Quelli che non si erano uccisi avevano cercato l’oblio in attività ancora più febbrili, in sport violenti, micidiali, spesso indistinguibili da vere e proprie guerre su piccola scala. E a misura che la popolazione si riduceva, i superstiti già vecchi si erano congregati, esercito disfatto che stringeva le file per la sua ultima ritirata.
L’atto finale, prima che il sipario calasse per sempre, doveva essere stato illuminato da lampi di eroismo e di devozione, e oscurato da barbarie ed egoismi. Se si fosse concluso nella disperazione o nella rassegnazione, Jan non l’avrebbe saputo mai.

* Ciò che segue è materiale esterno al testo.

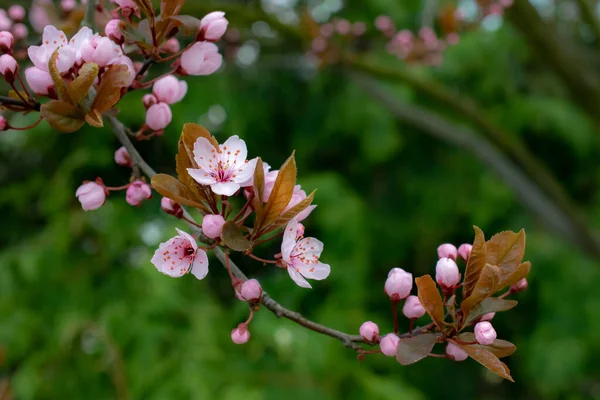 Blooming Japanese Cherry Tree Cherr — Stock Photo, Image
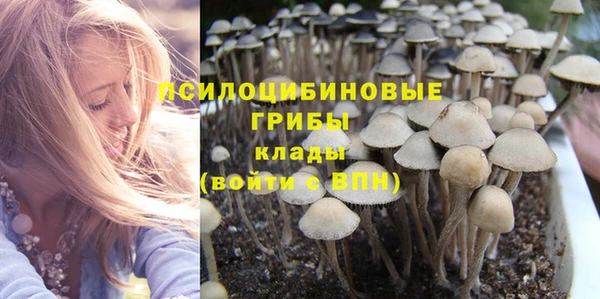 твердый Алексин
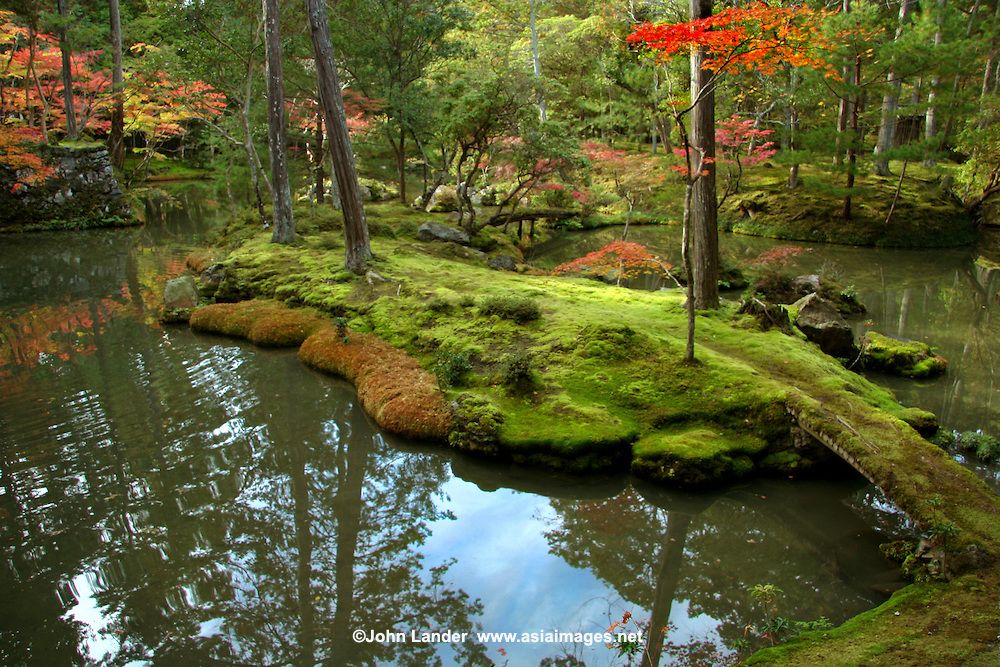Moss Garden Saiho Ji Kyoto Japan Alma
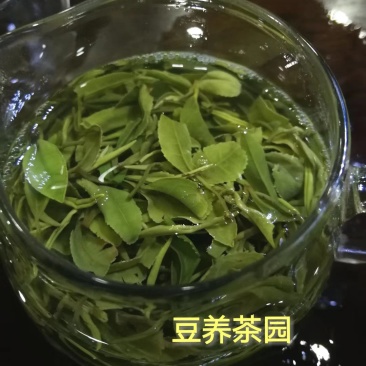 【喝好茶】2023新茶厂家批发正宗日照绿500g包邮尝鲜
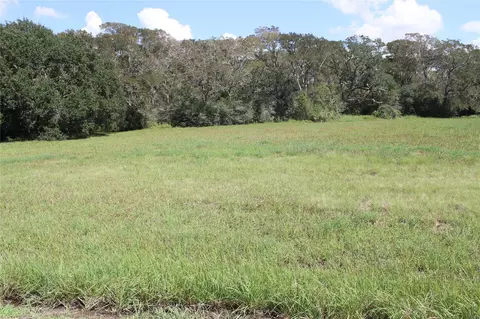 226 River Tree Dr, Blessing, TX 77419 photo 2
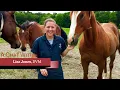 Dr Pol Presents - A Chat With Dr Lisa Jones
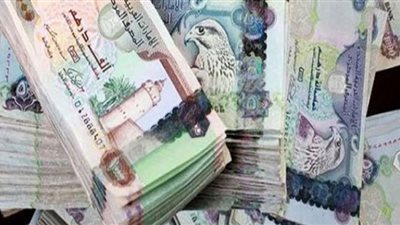 ارتفاع طفيف فى أسعار العملات العربية مقابل الجنيه اليوم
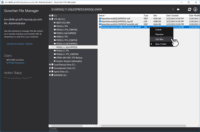 Screenshot of Goverlan File Manager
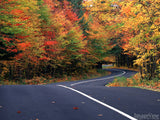red green and orange trees on road to autumn red green and orange trees on road to autumn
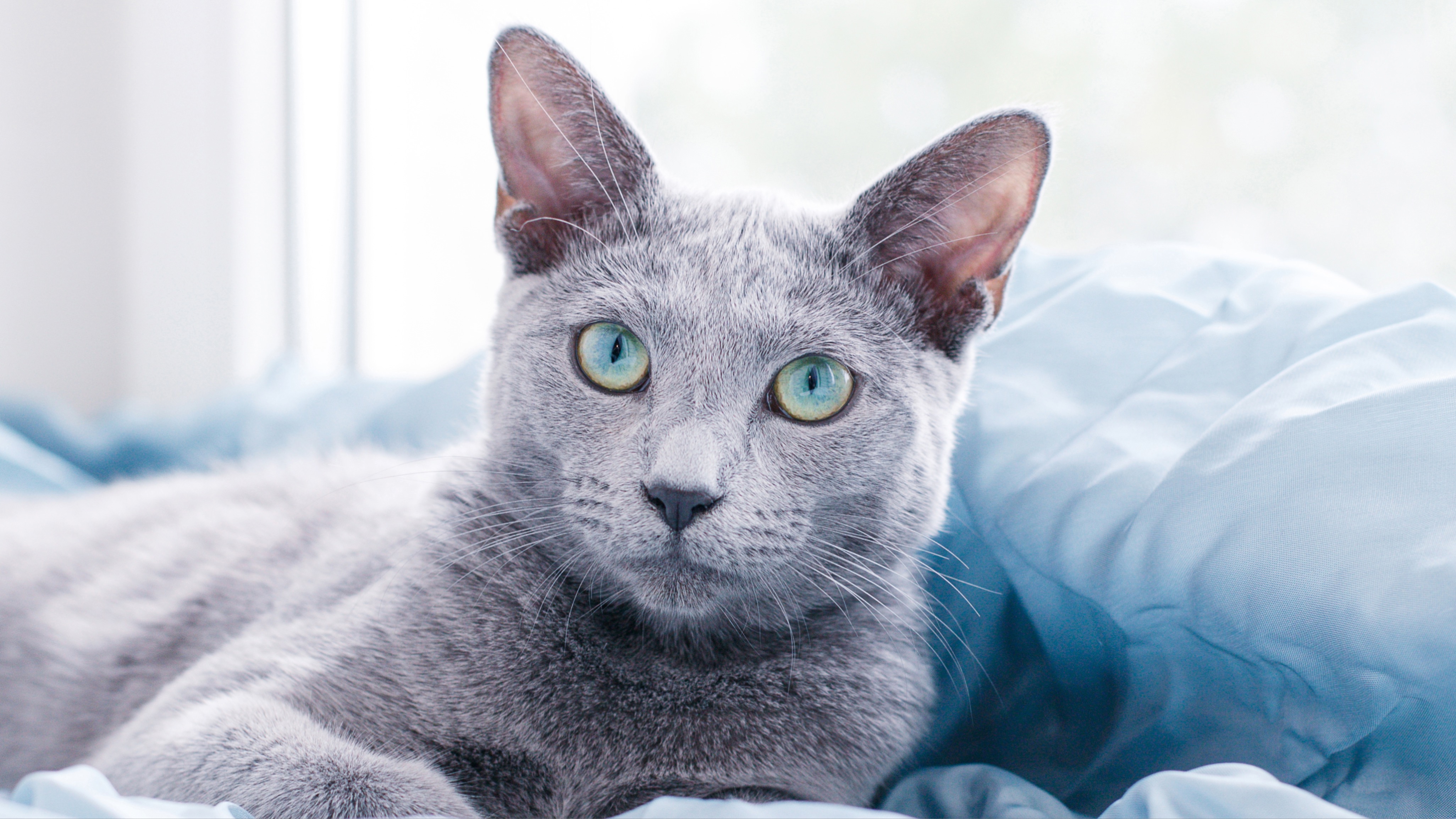 Russian Blue cat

C’erano tante cose a cui pensare. La base dei Superni si trovava a un chilometro circa da una villa deserta, e Jan passò dei mesi ad arredarla con accessori presi dalla città più vicina, situata a una trentina di chilometri di distanza. C’era andato in volo con Rashaverak, la cui amicizia, Jan sospettava, non era del tutto disinteressata. Lo psicologo dei Superni teneva ancora a studiare gli ultimi esemplari di Homo Sapiens. La città doveva essere stata evacuata prima della fine, perché le case, e anche quasi tutti i servizi pubblici erano ancora in buono stato di funzionamento. Non ci sarebbe voluto molto a riattivare i generatori, e le strade sarebbero state ancora una volta sfolgoranti d’una illusione di vita. Jan si baloccò con l’idea, poi l’abbandonò, perché gli parve morbosa. Spesso se ne andava a fare lunghe passeggiate sulle colline, pensando a tutte le cose che erano successe nei pochi mesi in cui era rimasto assente dalla Terra. Non aveva mai pensato, nel salutare Sullivan, ottant’anni prima, che l’ultima generazione della specie umana stava già nascendo. Che giovane idiota era stato! Eppure non era affatto sicuro di essere pentito di ciò che aveva fatto: se fosse rimasto sulla Terra, sarebbe stato testimone di quegli anni conclusivi, su cui il tempo aveva già steso il suo velo. Invece, era saltato al disopra di loro, nel futuro, e aveva avuto le risposte a quesiti che nessun altro uomo era mai riuscito a risolvere. La sua curiosità era quasi soddisfatta, ma a volte si domandava che cosa aspettassero i Superni e che cosa sarebbe accaduto quando la loro pazienza sarebbe stata fi-nalmente ricompensata. Ma la maggior parte del suo tempo lo passava con la rassegnazione soddisfatta dell’uomo che è alla fine di una lunga vita attiva. Seduto alla tastiera, colmava l’aria con le melodie del suo amatissimo Bach. Forse ingannava se stesso, forse non era che un trucco misericordioso della mente, ma sembrava ora a Jan che questo fosse quanto aveva sempre sognato di fare. La sua segreta ambizione aveva finalmente ardito emergere nella luce piena della coscienza. Jan era sempre stato un buon pianista… e adesso era il migliore.